A number of studies have reported a possible association between serotonergic pathway genes and alcoholism. A silent polymorphism (G to C substitution) in the gene encoding the autoreceptor 5-HT1B was linked to antisocial alcoholism in Finnish and an American Indian populations [Lappalainen et al., 1998: Arch Gen Psychiatry 55:989-994]. Several other polymorphisms of this gene have been investigated for their association with neuropsychiatric disorders. In the present study, a sample of 133 alcoholics without and 39 alcoholics with medical complications, and 88 normal controls was screened for three single nucleotide polymorphisms (SNPs), G861C, G261T, and C129T, in the 5-HT1B gene. The goal was to investigate their association with the disease, to measure the strength of linkage disequilibrium (LD) between the SNPs, and to compare haplotype frequencies between alcoholic groups and normal controls. Data was also analyzed on the basis of Type I (n = 47) and Type II (n = 85) alcoholism.
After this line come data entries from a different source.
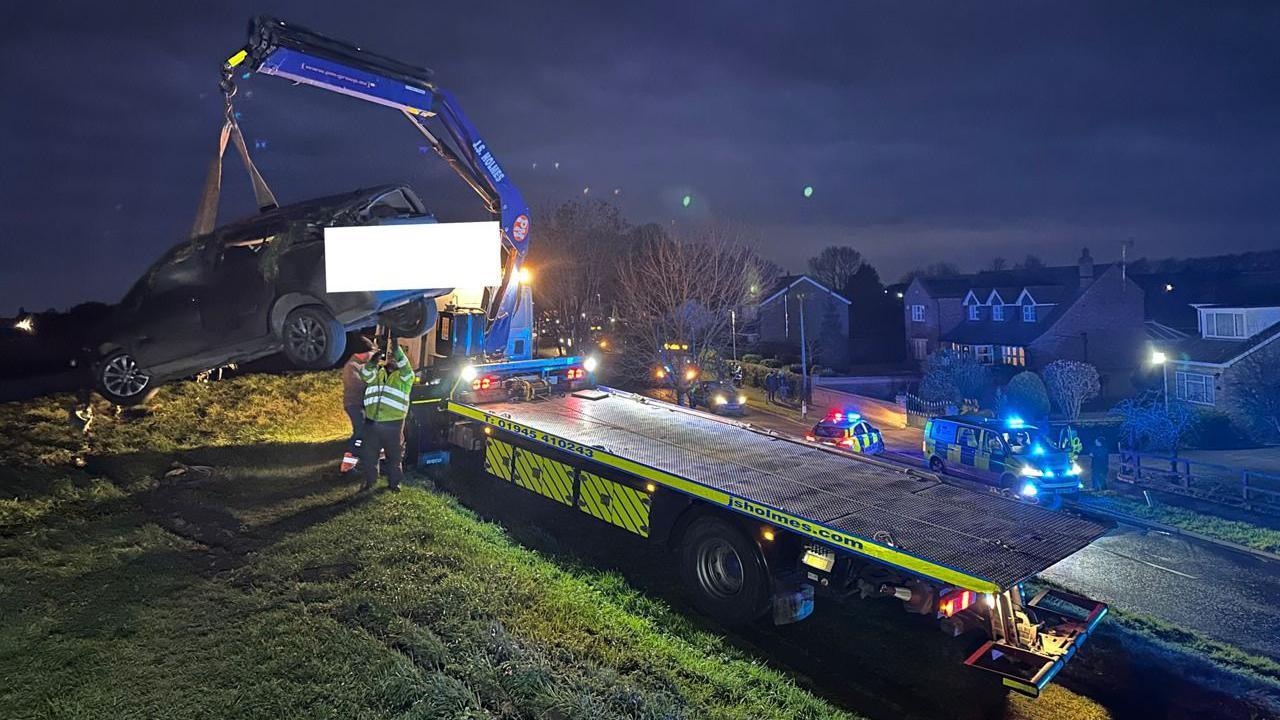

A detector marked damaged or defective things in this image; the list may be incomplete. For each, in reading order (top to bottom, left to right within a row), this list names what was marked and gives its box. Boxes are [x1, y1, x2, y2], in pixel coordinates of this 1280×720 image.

damaged car [90, 183, 440, 404]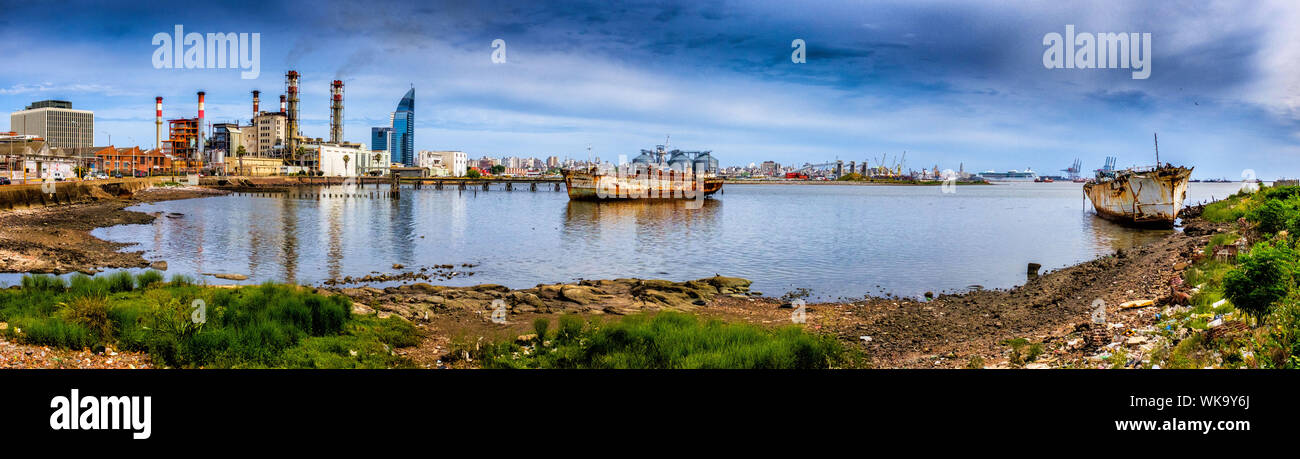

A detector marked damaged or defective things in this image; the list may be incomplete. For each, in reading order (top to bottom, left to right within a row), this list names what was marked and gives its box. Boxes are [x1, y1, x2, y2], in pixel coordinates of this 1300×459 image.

rusty shipwreck [561, 142, 722, 201]
rusty ship hull [561, 166, 722, 198]
rusty shipwreck [1081, 164, 1190, 227]
rusty ship hull [1081, 166, 1190, 227]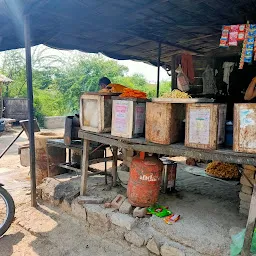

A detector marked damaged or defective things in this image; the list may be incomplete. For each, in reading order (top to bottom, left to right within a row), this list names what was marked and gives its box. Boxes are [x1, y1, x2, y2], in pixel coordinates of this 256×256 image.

rusty metal barrel [35, 133, 66, 185]
rusty metal barrel [127, 155, 163, 207]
There was no significant difference in the allele frequencies or the genotype distribution between any alcoholic groups, alcoholic subgroups, and controls for any polymorphism. G861C and C129T polymorphisms were in complete LD. The pattern of distribution of haplotypes was similar in patients and controls. It is concluded that these SNPs are not playing any direct role in the development of susceptibility to alcoholism in our patient sample.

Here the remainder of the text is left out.